**ACTIVITY:**
Starting with the line that contains "Drama Translation And" and stopping after the line that contains "Snake print Birkenstocks size 42", copy the entries below exactly. Include nothing else.

**DATA UNDER STUDY:**
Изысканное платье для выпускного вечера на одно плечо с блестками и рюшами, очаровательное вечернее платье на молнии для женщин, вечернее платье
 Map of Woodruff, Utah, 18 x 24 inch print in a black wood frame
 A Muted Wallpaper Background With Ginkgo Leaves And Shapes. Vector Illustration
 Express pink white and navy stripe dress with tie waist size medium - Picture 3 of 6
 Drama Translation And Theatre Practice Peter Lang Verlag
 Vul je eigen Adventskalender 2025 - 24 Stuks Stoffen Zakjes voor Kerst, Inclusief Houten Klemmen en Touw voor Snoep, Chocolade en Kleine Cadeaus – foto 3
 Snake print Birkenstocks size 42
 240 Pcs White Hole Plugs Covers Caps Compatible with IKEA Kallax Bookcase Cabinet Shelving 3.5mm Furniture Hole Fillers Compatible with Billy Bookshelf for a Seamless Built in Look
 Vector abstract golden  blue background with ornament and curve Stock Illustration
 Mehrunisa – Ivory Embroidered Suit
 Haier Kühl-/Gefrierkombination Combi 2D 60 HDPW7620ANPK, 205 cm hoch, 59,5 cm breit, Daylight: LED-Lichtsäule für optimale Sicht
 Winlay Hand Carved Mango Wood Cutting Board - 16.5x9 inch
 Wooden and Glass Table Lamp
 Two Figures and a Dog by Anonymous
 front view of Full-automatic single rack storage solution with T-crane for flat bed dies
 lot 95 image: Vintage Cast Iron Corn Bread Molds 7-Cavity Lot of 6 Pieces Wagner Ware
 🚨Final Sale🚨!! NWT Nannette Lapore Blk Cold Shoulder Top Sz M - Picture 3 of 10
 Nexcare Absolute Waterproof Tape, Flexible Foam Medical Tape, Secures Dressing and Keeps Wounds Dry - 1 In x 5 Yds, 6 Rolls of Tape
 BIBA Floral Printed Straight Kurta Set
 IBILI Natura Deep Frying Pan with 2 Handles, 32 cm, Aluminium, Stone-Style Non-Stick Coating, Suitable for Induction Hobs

**TASK OUTPUT:**
 Drama Translation And Theatre Practice Peter Lang Verlag
 Vul je eigen Adventskalender 2025 - 24 Stuks Stoffen Zakjes voor Kerst, Inclusief Houten Klemmen en Touw voor Snoep, Chocolade en Kleine Cadeaus – foto 3
 Snake print Birkenstocks size 42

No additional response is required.